Problem requirements:
Extract every line below, verbatim.

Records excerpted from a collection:
——

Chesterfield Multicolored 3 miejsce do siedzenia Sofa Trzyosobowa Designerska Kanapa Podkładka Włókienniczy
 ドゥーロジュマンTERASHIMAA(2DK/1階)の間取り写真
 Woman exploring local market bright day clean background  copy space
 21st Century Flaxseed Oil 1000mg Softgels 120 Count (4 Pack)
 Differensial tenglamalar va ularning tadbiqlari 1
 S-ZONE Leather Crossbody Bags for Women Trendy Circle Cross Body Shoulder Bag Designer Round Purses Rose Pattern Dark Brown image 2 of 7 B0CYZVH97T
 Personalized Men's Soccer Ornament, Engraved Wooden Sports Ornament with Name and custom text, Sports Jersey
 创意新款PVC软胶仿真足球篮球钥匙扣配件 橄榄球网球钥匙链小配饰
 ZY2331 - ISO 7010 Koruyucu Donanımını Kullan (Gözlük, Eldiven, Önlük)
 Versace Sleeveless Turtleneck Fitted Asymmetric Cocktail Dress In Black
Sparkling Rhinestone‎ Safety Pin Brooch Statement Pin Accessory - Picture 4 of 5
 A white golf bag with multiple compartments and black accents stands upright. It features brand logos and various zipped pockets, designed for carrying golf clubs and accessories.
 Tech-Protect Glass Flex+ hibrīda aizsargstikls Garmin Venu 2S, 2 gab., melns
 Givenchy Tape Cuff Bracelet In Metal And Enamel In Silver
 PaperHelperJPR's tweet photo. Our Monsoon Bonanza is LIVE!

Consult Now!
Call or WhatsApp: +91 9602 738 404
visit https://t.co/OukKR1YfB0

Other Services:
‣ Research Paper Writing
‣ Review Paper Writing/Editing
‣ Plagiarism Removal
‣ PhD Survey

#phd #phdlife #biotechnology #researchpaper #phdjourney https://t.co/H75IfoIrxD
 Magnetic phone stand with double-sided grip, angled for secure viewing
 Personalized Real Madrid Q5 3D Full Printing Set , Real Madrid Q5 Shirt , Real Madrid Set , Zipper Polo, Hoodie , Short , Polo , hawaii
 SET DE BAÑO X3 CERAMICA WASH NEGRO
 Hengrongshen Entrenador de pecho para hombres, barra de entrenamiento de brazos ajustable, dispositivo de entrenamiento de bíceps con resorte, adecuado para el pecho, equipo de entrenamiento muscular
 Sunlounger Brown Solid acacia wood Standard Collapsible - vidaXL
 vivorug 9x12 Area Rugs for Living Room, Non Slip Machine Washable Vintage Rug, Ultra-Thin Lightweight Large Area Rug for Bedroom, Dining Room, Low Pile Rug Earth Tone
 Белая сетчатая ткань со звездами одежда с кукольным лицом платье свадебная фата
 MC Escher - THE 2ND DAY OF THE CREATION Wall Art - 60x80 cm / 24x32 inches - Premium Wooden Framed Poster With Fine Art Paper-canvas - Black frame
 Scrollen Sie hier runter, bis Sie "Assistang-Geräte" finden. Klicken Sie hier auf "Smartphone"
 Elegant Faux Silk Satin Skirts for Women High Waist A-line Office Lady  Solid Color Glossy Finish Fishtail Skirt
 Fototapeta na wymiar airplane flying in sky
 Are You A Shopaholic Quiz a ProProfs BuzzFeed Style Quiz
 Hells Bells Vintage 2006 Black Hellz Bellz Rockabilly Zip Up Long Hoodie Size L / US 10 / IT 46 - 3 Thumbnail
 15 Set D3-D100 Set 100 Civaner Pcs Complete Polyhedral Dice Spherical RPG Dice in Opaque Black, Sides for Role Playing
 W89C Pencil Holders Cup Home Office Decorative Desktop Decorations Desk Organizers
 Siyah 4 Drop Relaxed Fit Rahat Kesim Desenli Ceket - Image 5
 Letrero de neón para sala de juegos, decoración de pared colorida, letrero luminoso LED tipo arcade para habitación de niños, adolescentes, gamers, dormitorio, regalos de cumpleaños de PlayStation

——

Exercise output:
Chesterfield Multicolored 3 miejsce do siedzenia Sofa Trzyosobowa Designerska Kanapa Podkładka Włókienniczy
 ドゥーロジュマンTERASHIMAA(2DK/1階)の間取り写真
 Woman exploring local market bright day clean background  copy space
 21st Century Flaxseed Oil 1000mg Softgels 120 Count (4 Pack)
 Differensial tenglamalar va ularning tadbiqlari 1
 S-ZONE Leather Crossbody Bags for Women Trendy Circle Cross Body Shoulder Bag Designer Round Purses Rose Pattern Dark Brown image 2 of 7 B0CYZVH97T
 Personalized Men's Soccer Ornament, Engraved Wooden Sports Ornament with Name and custom text, Sports Jersey
 创意新款PVC软胶仿真足球篮球钥匙扣配件 橄榄球网球钥匙链小配饰
 ZY2331 - ISO 7010 Koruyucu Donanımını Kullan (Gözlük, Eldiven, Önlük)
 Versace Sleeveless Turtleneck Fitted Asymmetric Cocktail Dress In Black
Sparkling Rhinestone‎ Safety Pin Brooch Statement Pin Accessory - Picture 4 of 5
 A white golf bag with multiple compartments and black accents stands upright. It features brand logos and various zipped pockets, designed for carrying golf clubs and accessories.
 Tech-Protect Glass Flex+ hibrīda aizsargstikls Garmin Venu 2S, 2 gab., melns
 Givenchy Tape Cuff Bracelet In Metal And Enamel In Silver
 PaperHelperJPR's tweet photo. Our Monsoon Bonanza is LIVE!

Consult Now!
Call or WhatsApp: +91 9602 738 404
visit https://t.co/OukKR1YfB0

Other Services:
‣ Research Paper Writing
‣ Review Paper Writing/Editing
‣ Plagiarism Removal
‣ PhD Survey

#phd #phdlife #biotechnology #researchpaper #phdjourney https://t.co/H75IfoIrxD
 Magnetic phone stand with double-sided grip, angled for secure viewing
 Personalized Real Madrid Q5 3D Full Printing Set , Real Madrid Q5 Shirt , Real Madrid Set , Zipper Polo, Hoodie , Short , Polo , hawaii
 SET DE BAÑO X3 CERAMICA WASH NEGRO
 Hengrongshen Entrenador de pecho para hombres, barra de entrenamiento de brazos ajustable, dispositivo de entrenamiento de bíceps con resorte, adecuado para el pecho, equipo de entrenamiento muscular
 Sunlounger Brown Solid acacia wood Standard Collapsible - vidaXL
 vivorug 9x12 Area Rugs for Living Room, Non Slip Machine Washable Vintage Rug, Ultra-Thin Lightweight Large Area Rug for Bedroom, Dining Room, Low Pile Rug Earth Tone
 Белая сетчатая ткань со звездами одежда с кукольным лицом платье свадебная фата
 MC Escher - THE 2ND DAY OF THE CREATION Wall Art - 60x80 cm / 24x32 inches - Premium Wooden Framed Poster With Fine Art Paper-canvas - Black frame
 Scrollen Sie hier runter, bis Sie "Assistang-Geräte" finden. Klicken Sie hier auf "Smartphone"
 Elegant Faux Silk Satin Skirts for Women High Waist A-line Office Lady  Solid Color Glossy Finish Fishtail Skirt
 Fototapeta na wymiar airplane flying in sky
 Are You A Shopaholic Quiz a ProProfs BuzzFeed Style Quiz
 Hells Bells Vintage 2006 Black Hellz Bellz Rockabilly Zip Up Long Hoodie Size L / US 10 / IT 46 - 3 Thumbnail
 15 Set D3-D100 Set 100 Civaner Pcs Complete Polyhedral Dice Spherical RPG Dice in Opaque Black, Sides for Role Playing
 W89C Pencil Holders Cup Home Office Decorative Desktop Decorations Desk Organizers
 Siyah 4 Drop Relaxed Fit Rahat Kesim Desenli Ceket - Image 5
 Letrero de neón para sala de juegos, decoración de pared colorida, letrero luminoso LED tipo arcade para habitación de niños, adolescentes, gamers, dormitorio, regalos de cumpleaños de PlayStation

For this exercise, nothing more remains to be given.